The London School of Economics and Political Science (LSE) has announced 50 new scholarships for post-graduate Indian students as part of Briton's efforts to enhance bilateral cooperation in the area of education and research.
The LSE India Scholarships and a major collaborative research programme on gender equality in the country were announced during British Prime Minister David Cameron's ongoing visit to India.
The LSE scholarships will enable more students from India to study for a Master's degree at the prestigious London-based British university from this year.
The awards will range from 3,000 to 32,000 pounds, depending on financial need and are open to all Indian students who hold an offer of a place on an LSE Master's programme by April 30, 2013.
"LSE has enjoyed a strong relationship with India for over a century.
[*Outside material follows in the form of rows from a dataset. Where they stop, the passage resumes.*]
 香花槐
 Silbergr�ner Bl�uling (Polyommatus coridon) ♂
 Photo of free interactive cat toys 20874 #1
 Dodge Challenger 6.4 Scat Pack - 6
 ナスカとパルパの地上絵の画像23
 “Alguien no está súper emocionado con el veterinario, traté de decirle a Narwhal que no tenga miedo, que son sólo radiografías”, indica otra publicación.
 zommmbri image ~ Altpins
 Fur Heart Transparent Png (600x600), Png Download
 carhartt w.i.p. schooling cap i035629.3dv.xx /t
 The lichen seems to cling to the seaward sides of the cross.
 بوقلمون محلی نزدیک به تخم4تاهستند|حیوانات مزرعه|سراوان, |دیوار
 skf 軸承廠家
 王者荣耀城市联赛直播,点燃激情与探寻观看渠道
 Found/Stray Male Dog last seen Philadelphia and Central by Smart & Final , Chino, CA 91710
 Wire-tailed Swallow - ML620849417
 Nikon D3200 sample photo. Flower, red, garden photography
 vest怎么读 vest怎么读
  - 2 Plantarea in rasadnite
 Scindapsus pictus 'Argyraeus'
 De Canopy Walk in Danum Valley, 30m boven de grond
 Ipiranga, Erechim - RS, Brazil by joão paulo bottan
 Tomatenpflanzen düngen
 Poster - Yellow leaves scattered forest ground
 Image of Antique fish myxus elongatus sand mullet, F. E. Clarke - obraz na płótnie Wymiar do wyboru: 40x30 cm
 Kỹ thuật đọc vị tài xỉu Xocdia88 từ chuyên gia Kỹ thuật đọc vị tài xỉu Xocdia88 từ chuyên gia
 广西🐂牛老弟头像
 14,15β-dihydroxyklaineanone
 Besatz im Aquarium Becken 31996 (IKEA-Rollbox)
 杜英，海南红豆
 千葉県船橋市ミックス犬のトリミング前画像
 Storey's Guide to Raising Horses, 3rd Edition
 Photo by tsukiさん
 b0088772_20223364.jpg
This has included welcoming thousands of Indian students to study at the School during this time.
"...We want to ensure that LSE's doors are open to all talented students, regardless of financial circumstances, and are delighted to cement this relationship further by offering 50 scholarships, for graduate study, for students from India," said LSE Director Professor Craig Calhoun, who is part of the delegation accompanying Cameron during ongoing India visit.
He seeks to reiterate Cameron's message that Indian students are "incredibly welcome" to study and work in the UK.
LSE enrols between 300 and 400 Indian students each year, with the majority of these students registered onto post-graduate programmes.
The School has also announced a collaborative research programme on gender equality in India with the Tata Institute of Social Sciences (TISS) in Mumbai.
LSE's tie-up with TISS is supported by the Jamsetji Tata Trust, which has provided 1.8 million pounds to fund joint research projects since 2007.
They now plan to extend their collaboration with a focus on women's issues and support a joint programme of research, advocacy and action to create a safe and enabling environment towards achieving gender equality in India.
"No issue is more important than gender equality as we work to bring research-based knowledge to major social challenges. We are delighted to continue our partnership with TISS and the Tata Trust," Prof Calhoun said.
"This is an exciting development that promises to shed light on a vital area of social policy in India. The partnership between LSE and TISS has already proved fruitful and it is encouraging that it can now be developed further," TISS director Prof Parasuraman added.